In the first two books, therefore, our sympathy with Milton's Satan is great; we had almost said unqualified. The speeches he delivers are of well-known excellence. Lord Brougham, no contemptible judge of emphatic oratory, has laid down that if a person had not an opportunity of access to the great Attic masterpieces, he had better choose these for a model. What is to be regretted about the orator is, that he scarcely acts up to his sentiments. "Better to reign in hell than serve in heaven," is at any rate an audacious declaration; but he has no room for exhibiting similar audacity in action. His offensive career is limited; in the nature of the subject, there was scarcely any opportunity for the fallen archangel to display in the detail of his operations the surpassing intellect with which Milton has endowed him. He goes across chaos, gets into a few physical difficulties; but these are not much. His grand aim is the conquest of our first parents; and we are at once struck with the enormous inequality of the conflict. Two beings just created, without experience, without guile, without knowledge of good and evil, are expected to contend with a being on the delineation of whose powers every resource of art and imagination, every subtle suggestion, every emphatic simile has been lavished. The idea in every reader's mind is, and must be, not surprise that our first parents should yield, but wonder that Satan should not think it beneath him to attack them. It is as if an army should invest a cottage.

We have spoken more of theology than we intended; and we need not say how much the monstrous inequalities attributed to the combatants affect our estimate of the results of the conflict. The state of man is what it is, because the defenseless Adam and Eve of Milton's imagination yielded to the nearly all-powerful Satan whom he has delineated. Milton has in some sense invented this difficulty; for in the book of Genesis there is no such inequality. The serpent may be subtler than any beast of the field; but he is not necessarily subtler or cleverer than man. So far from Milton having justified the ways of God to man, he has loaded the common theology with a new incumbrance.

We may need refreshment after this discussion; and we cannot find it better than in reading a few remarks of Eve:—

"That day I oft remember, when from sleep
I first awaked, and found myself reposed
Under a shade on flowers, much wondering where
And what I was, whence hither brought, and how.
Not distant far from thence a murmuring sound
Of waters issued from a cave, and spread
Into a liquid plain, then stood unmoved
Pure as th' expanse of heaven; I thither went
With unexperienced thought, and laid me down
On the green bank, to look into the clear
Smooth lake, that to me seemed another sky.
As I bent down to look, just opposite
A shape within the watery gleam appeared,
Bending to look on me, I, started back,
It started back: but pleased I soon returned;
Pleased it returned, as soon with answering looks
Of sympathy and love. There I had fixed
Mine eyes till now, and pined with vain desire,
Had not a voice thus warned me:—'What thou seest,
What there thou seest, fair creature, is thyself;
With thee it came and goes: but follow me,
And I will bring thee where no shadow stays
Thy coming, and thy soft embraces; he
Whose image thou art, him thou shalt enjoy
Inseparably thine; to him shalt bear
Multitudes like thyself, and thence be called
Mother of human race.' What could I do
But follow straight, invisibly thus led?
Till I espied thee, fair indeed and tall,
Under a platan; yet methought less fair,
Less winning soft, less amiably mild,
Than that smooth watery image.
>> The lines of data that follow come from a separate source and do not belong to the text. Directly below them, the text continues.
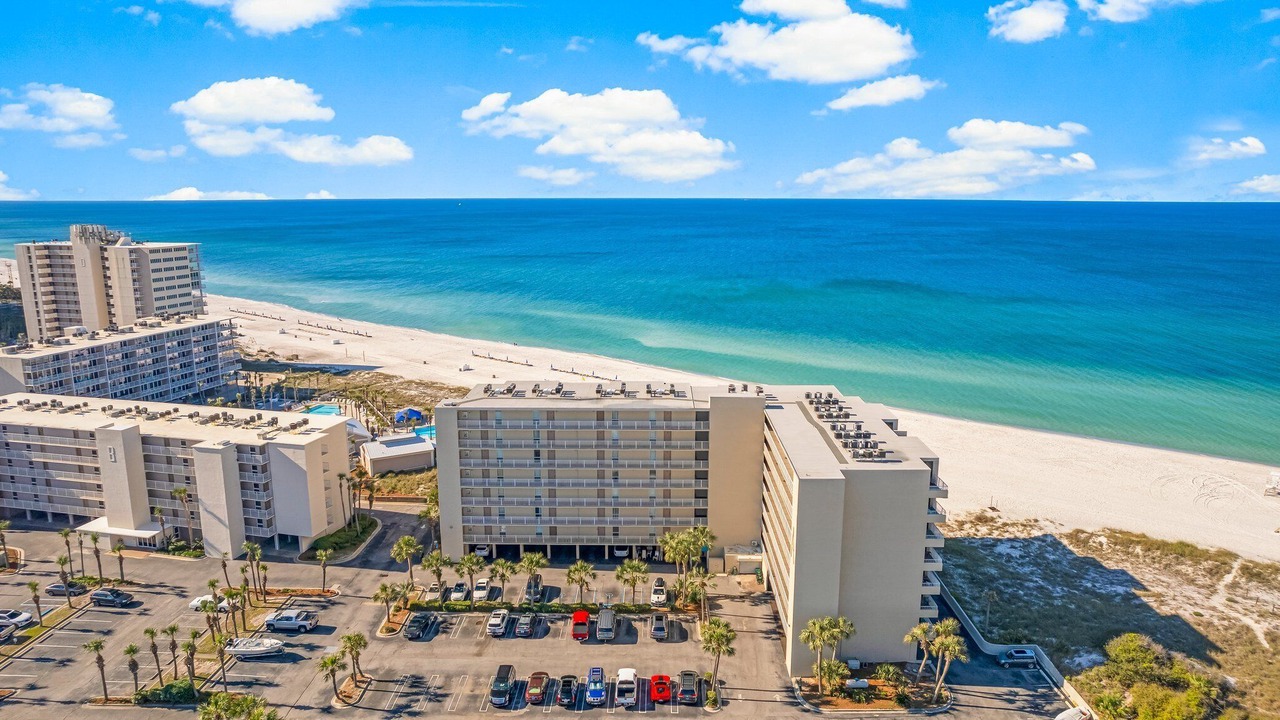 Photo of Outdoor in Gulf Lagoon Beach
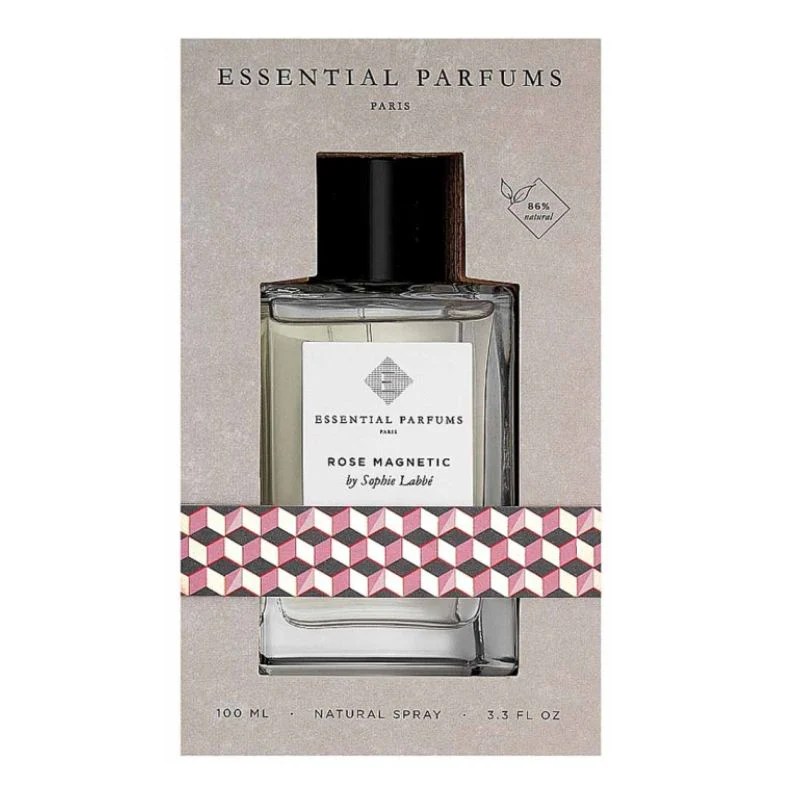 Essential Parfums Rose Magnetic - Image 2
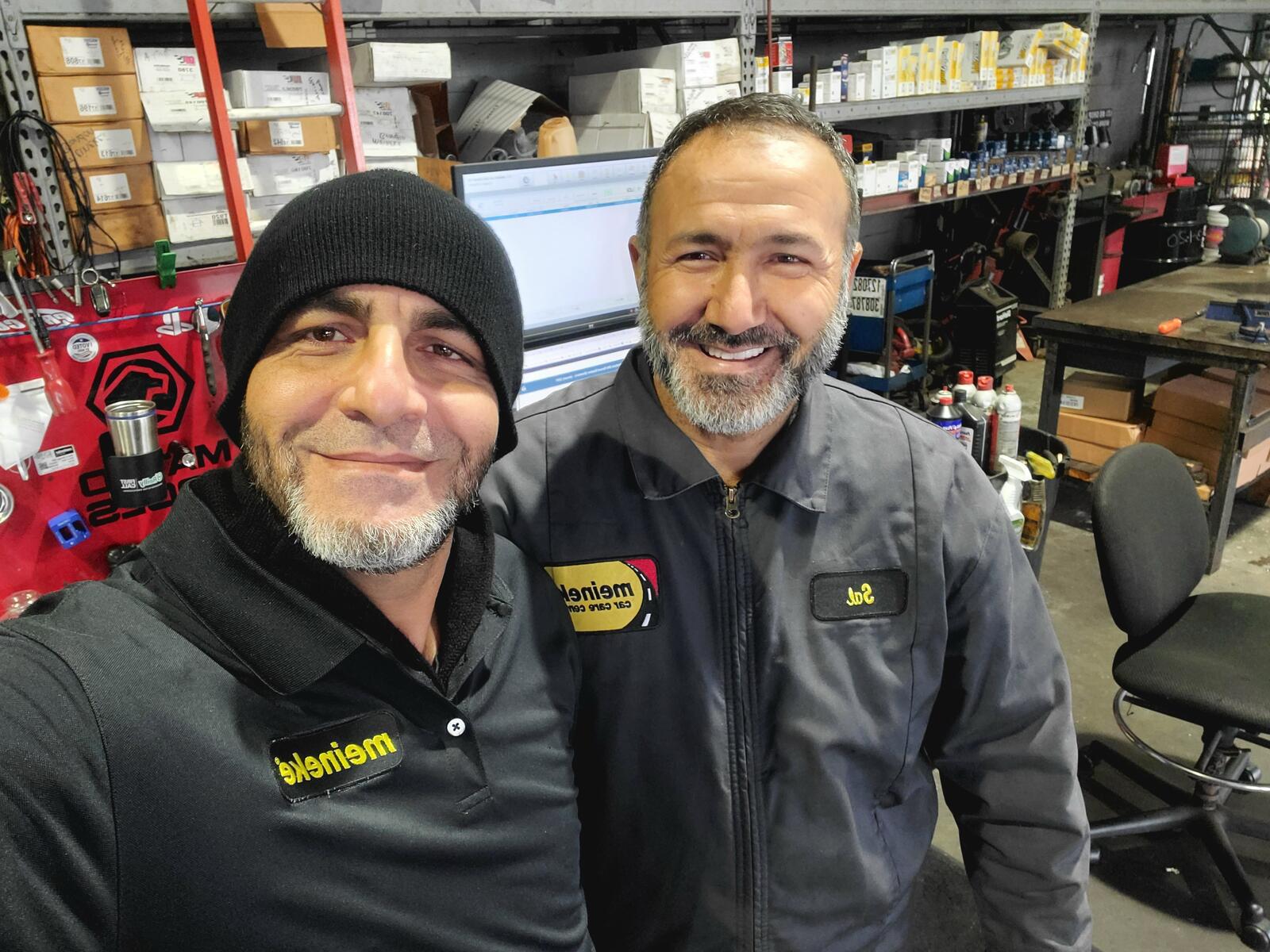 Photo credit: nextdoor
Back I turned;
Thou following criedst aloud, 'Return, fair Eve;
Whom fly'st thou?'" [20]

Eve's character, indeed, is one of the most wonderful efforts of the human imagination. She is a kind of abstract woman; essentially a typical being; an official "mother of all living." Yet she is a real interesting woman, not only full of delicacy and sweetness, but with all the undefinable fascination, the charm of personality, which such typical characters hardly ever have. By what consummate miracle of wit this charm of individuality is preserved, without impairing the general idea which is ever present to us, we cannot explain, for we do not know.